The coach put me into that game at the start of the second period: a reward of necessity and a nod of desperation, even though we were ahead by at least 8 points. The play that would define, in my own eyes, the abilities I possessed began with a rebound I grabbed near the opponent’s free-throw line. I spun around the opposing player to my back that I had deftly blocked out. I then proceeded up the court dribbling with my left hand. I was right handed but knew early in my junior year that I needed a left to be competitive at all. I used this left-handed dribble as a trick to catch opposing players off guard as I switched to my much more confident right. The young boy in front of me assumed the crouch position in his defensive defiance of me getting by him. I dribbled a couple of times with my left, faked left, crossed him up and started to shoot by him with my favored hand. He staggered and did what most would do and widened his stance as he began to fall backwards and gave me his bladelike leg firmly into my thigh. I grimaced and was by him.

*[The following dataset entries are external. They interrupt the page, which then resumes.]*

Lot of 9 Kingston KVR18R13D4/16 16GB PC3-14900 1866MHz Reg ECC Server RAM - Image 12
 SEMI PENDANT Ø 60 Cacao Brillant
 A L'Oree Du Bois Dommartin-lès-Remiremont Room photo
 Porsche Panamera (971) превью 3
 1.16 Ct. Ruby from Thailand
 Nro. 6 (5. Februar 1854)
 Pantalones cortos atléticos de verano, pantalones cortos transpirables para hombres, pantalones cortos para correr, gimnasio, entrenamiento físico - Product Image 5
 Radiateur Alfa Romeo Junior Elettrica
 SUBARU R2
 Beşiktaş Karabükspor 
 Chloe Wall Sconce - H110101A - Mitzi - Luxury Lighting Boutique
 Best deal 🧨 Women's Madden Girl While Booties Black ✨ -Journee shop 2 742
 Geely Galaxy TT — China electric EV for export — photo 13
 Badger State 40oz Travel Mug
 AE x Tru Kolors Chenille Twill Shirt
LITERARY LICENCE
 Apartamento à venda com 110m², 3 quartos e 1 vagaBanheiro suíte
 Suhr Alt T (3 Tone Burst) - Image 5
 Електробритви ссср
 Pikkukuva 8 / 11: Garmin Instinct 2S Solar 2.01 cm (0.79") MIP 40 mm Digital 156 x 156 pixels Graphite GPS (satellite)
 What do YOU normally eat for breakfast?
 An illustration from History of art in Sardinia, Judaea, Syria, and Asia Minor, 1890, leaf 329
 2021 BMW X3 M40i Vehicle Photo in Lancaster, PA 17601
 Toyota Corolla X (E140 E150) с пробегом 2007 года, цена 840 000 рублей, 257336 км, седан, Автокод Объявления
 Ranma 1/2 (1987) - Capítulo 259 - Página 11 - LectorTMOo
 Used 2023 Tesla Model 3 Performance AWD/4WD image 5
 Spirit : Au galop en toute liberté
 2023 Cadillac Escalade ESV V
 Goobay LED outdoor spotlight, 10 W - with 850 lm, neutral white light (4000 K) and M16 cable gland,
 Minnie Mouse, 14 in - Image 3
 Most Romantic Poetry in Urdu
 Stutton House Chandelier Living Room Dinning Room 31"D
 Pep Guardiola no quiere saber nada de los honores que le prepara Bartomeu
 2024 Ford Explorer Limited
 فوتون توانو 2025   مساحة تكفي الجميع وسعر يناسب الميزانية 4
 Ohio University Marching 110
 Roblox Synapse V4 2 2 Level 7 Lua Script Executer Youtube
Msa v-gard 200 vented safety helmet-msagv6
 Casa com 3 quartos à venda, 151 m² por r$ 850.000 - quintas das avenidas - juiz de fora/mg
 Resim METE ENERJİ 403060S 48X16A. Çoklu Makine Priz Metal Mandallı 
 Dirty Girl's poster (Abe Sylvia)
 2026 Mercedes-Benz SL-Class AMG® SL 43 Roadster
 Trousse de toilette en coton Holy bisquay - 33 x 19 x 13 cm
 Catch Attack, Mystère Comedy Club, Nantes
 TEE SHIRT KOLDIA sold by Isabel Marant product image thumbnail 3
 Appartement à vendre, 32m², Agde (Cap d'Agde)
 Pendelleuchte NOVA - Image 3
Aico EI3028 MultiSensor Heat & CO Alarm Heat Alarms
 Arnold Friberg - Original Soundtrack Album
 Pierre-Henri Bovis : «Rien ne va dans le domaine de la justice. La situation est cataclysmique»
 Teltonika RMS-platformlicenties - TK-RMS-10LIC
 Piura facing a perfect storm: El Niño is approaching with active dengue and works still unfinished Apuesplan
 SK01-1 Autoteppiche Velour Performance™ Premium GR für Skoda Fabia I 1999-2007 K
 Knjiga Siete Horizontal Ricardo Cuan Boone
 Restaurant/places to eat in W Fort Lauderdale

I don’t remember if it was the speed with which everything had happened once I rebounded the ball but there was only one man to beat. I had two players, organizing themselves on each side of the lane. Perfect, just perfect. One of the players was a first teamer, a junior who would repeat the mistake of his brother the next year. The other was a senior, a"Green Weenie" whose saving grace on this basketball team was that he was tall. I picked my spot and you know it well – right down the middle. I baited the opposing player to come out on me or I was going straight down his throat. Instinctually, as I had done from the time I rebounded, I dribbled with my right hand and looked straight at the "Green Weenie" loping down the left side of the lane. I saw his eyes grow to saucers and he knew this fellow bench rider was going to get him the ball. The player bit on my eyes and leaned in his direction. Without hesitation, I flicked the ball from my right hand to the junior first teamer. I had decided going up the court he was my man, my best chance at an assist or a shot, as they would be focusing on him. They weren’t because of my move (I like to think) and my no-look pass fell softly to him and then even more softly off the backboard and in for an easy two. I swooped to my right already hearing the clamor on the bench. I ran up next to my teammates, dressed out and not dressed out to the cheers of “Magic, Magic.” My coach, unlike Mel Thompson, didn’t appreciate the play, maybe even feeling slightly embarrassed that his bench warmer showed up the other team.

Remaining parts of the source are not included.